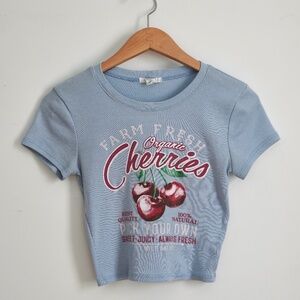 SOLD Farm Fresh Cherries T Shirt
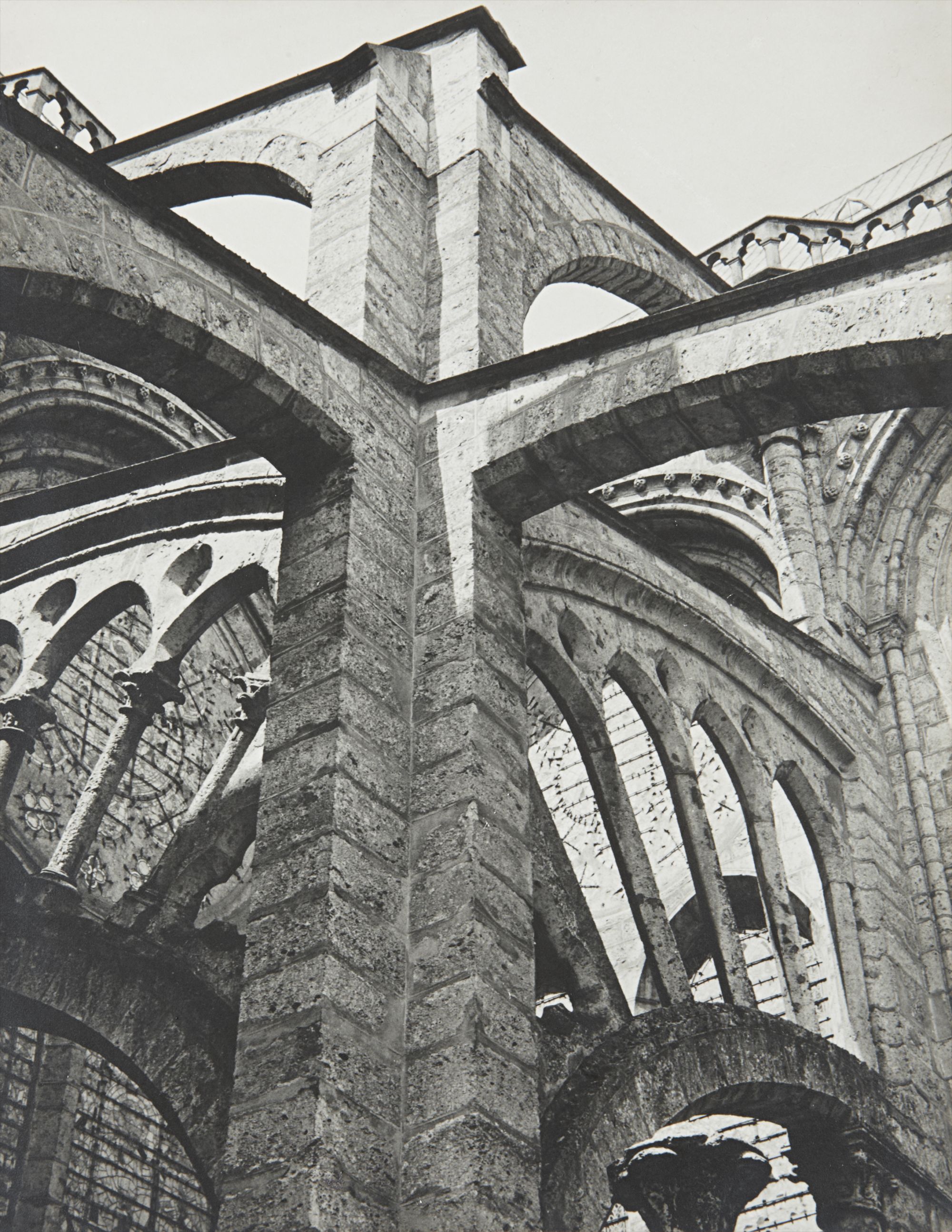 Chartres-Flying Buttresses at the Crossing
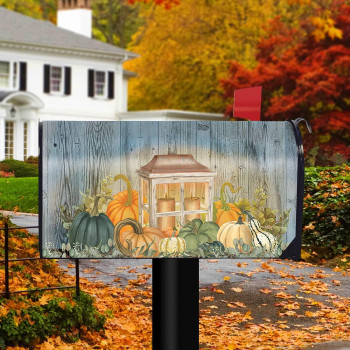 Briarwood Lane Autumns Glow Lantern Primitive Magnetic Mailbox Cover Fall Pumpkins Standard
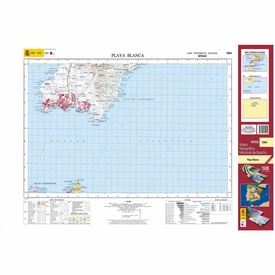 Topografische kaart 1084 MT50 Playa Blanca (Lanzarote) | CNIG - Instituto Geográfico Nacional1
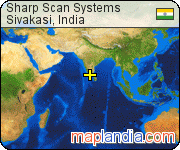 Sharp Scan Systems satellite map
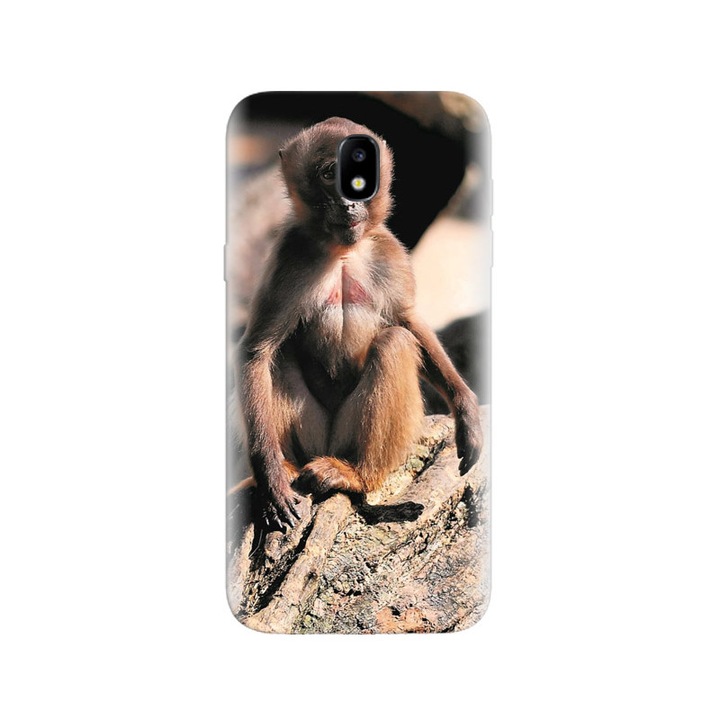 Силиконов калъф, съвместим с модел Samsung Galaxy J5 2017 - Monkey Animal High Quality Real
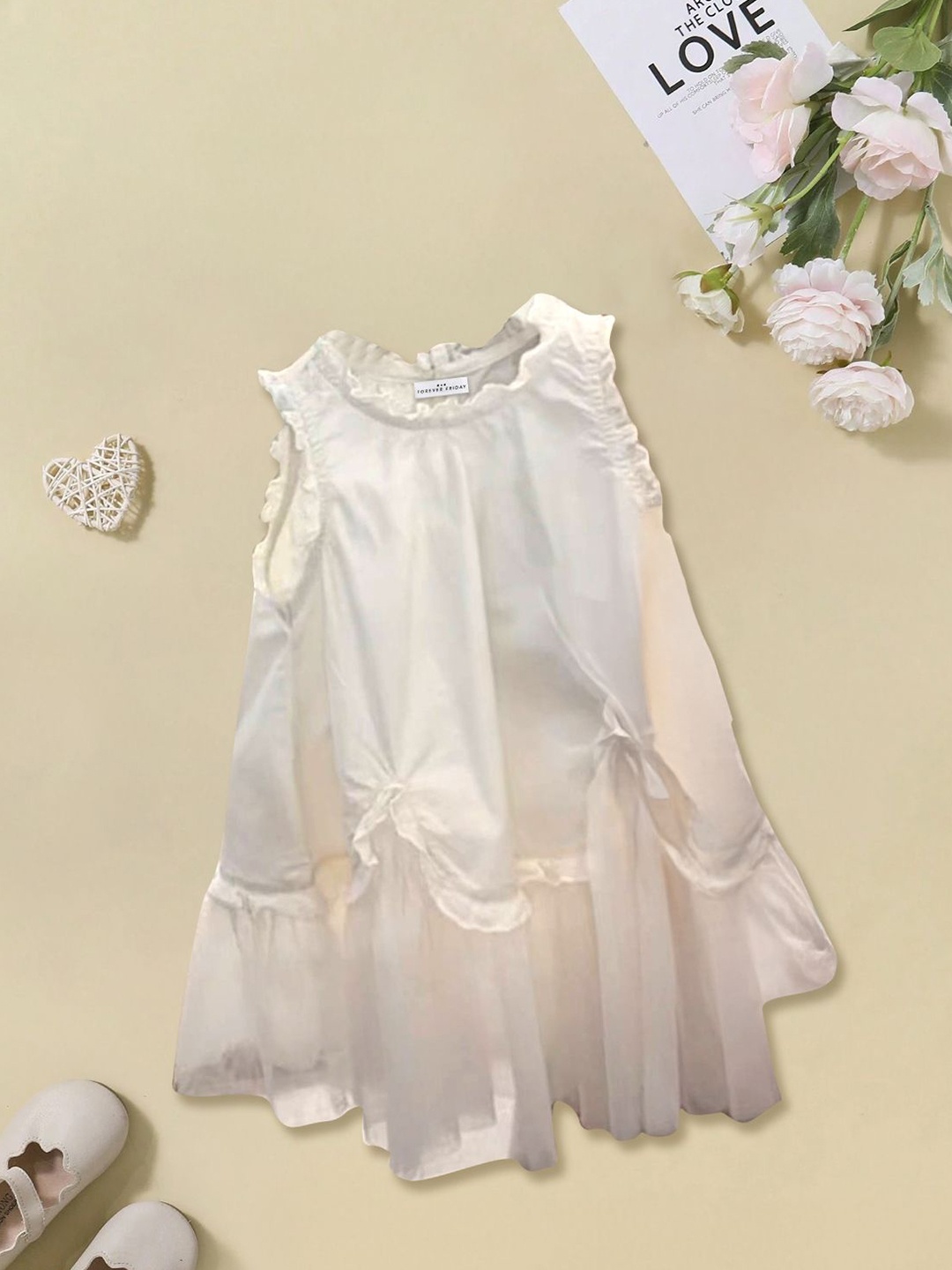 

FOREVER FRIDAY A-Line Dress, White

---+---

*Problem details*.
Please write out, exactly, every line from the line with "Sharp Scan Systems satellite map" through the final line of the data above, leaving out pictures.

*Answer below*.
 Sharp Scan Systems satellite map
 Силиконов калъф, съвместим с модел Samsung Galaxy J5 2017 - Monkey Animal High Quality Real

FOREVER FRIDAY A-Line Dress, White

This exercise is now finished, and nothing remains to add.